Pictures with short captions
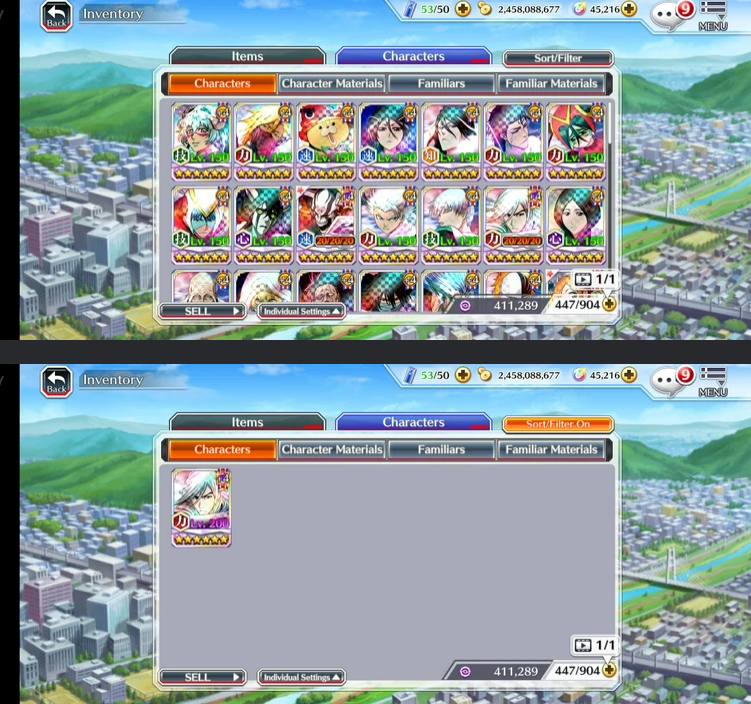 Screenshot 2026 05 05 162309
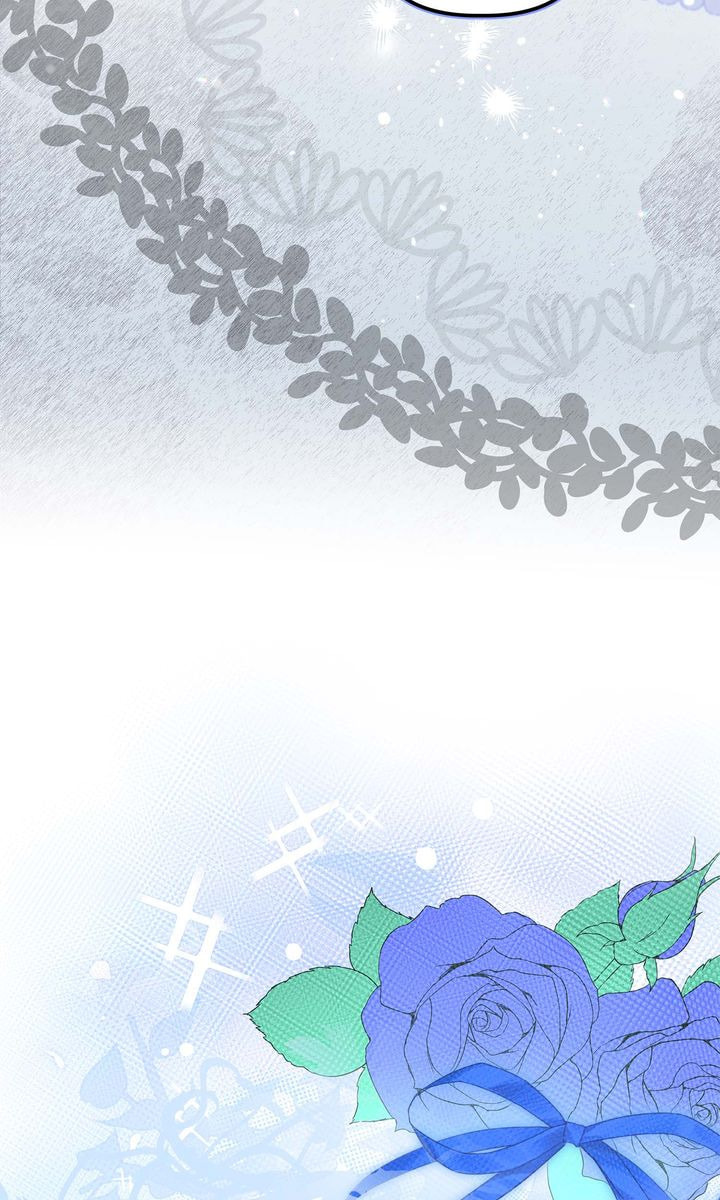 Surviving My Sister Chapter 2 page 146 - 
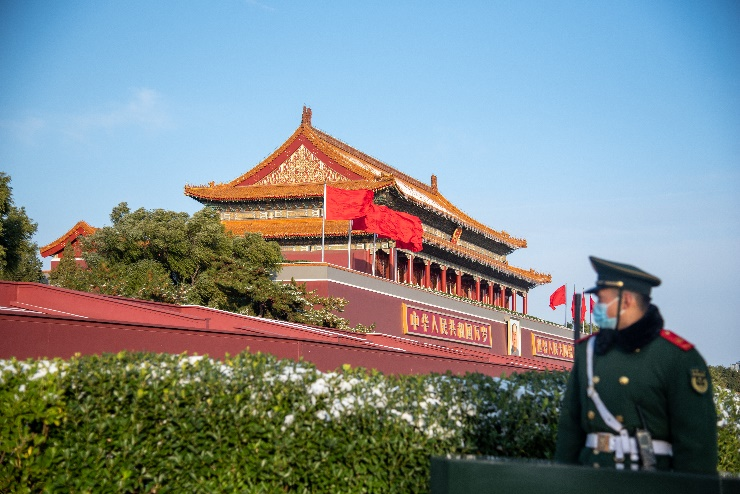 GA�ƽ�ס�(�й���)�ٷ���վ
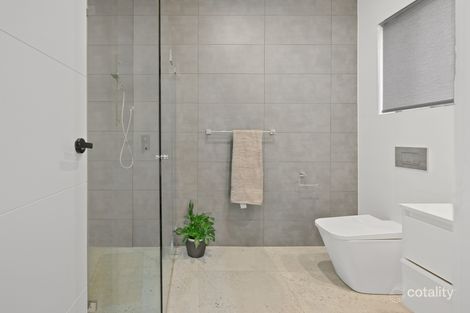 Property photo of 15 O'Keefe Drive Oran Park NSW 2570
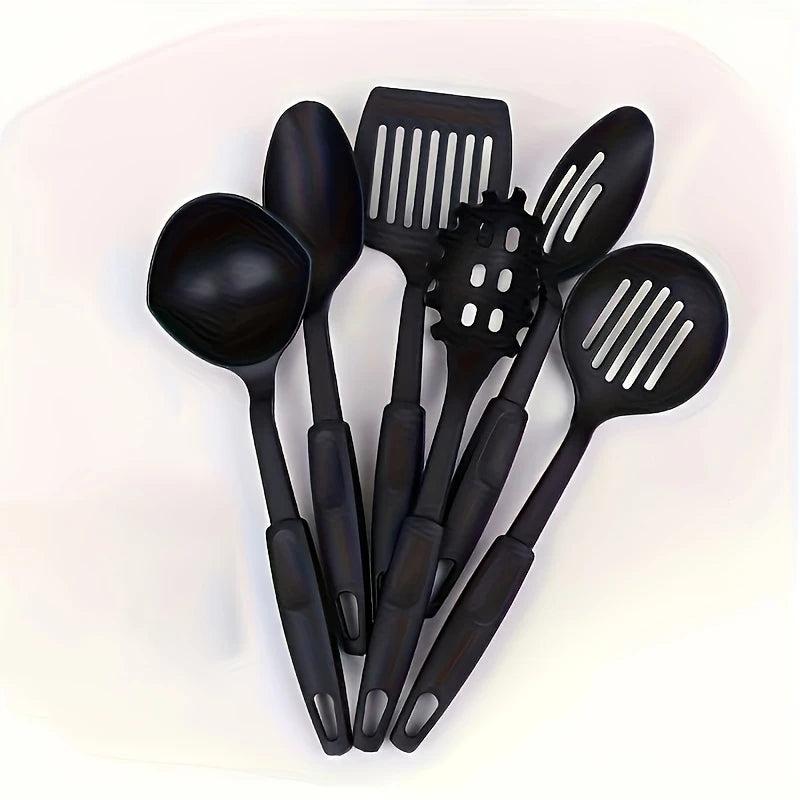 6pcs Kitchenware Set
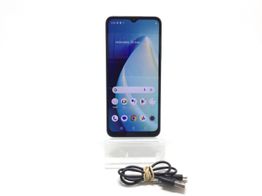 realme c33 4gb 128gb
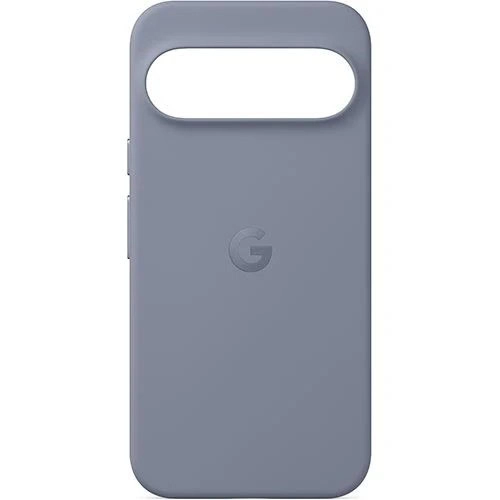 Google Pixel 10 Pro XL Pixelsnap case leak 1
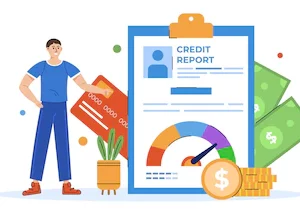 24 cash loans reviews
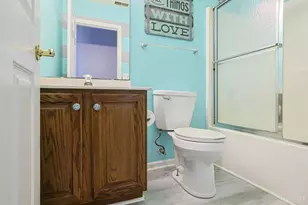 2639 Utica Ave, Fairfield Township, OH 45011 - Photo 23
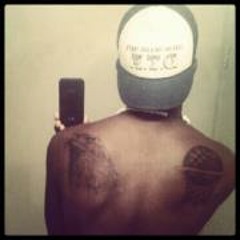 Sha'Don Byrd Johnson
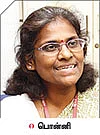 முதல் குழந்தை Vs இரண்டாவது குழந்தை!
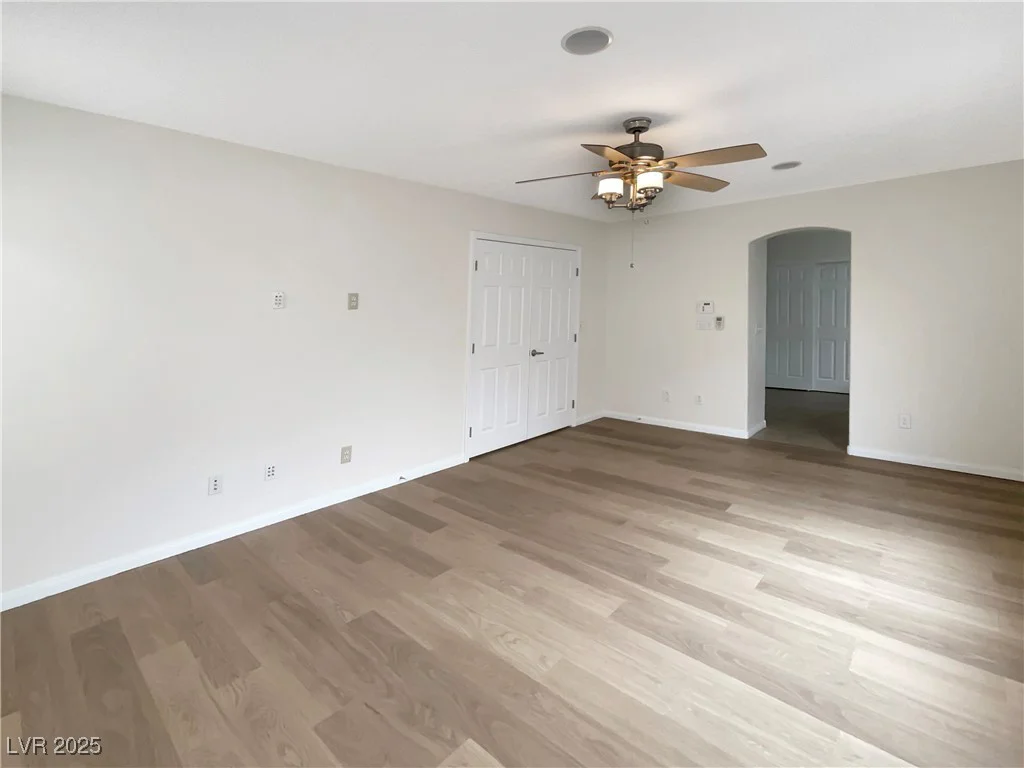 6228 Grace Mountain, Las Vegas, NV 89115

What to produce –
Word for word, retype all of the data above, but include no pictures.

Output below –
 Screenshot 2026 05 05 162309
 Surviving My Sister Chapter 2 page 146 - 
 GA�ƽ�ס�(�й���)�ٷ���վ
 Property photo of 15 O'Keefe Drive Oran Park NSW 2570
 6pcs Kitchenware Set
 realme c33 4gb 128gb
 Google Pixel 10 Pro XL Pixelsnap case leak 1
 24 cash loans reviews
 2639 Utica Ave, Fairfield Township, OH 45011 - Photo 23
 Sha'Don Byrd Johnson
 முதல் குழந்தை Vs இரண்டாவது குழந்தை!
 6228 Grace Mountain, Las Vegas, NV 89115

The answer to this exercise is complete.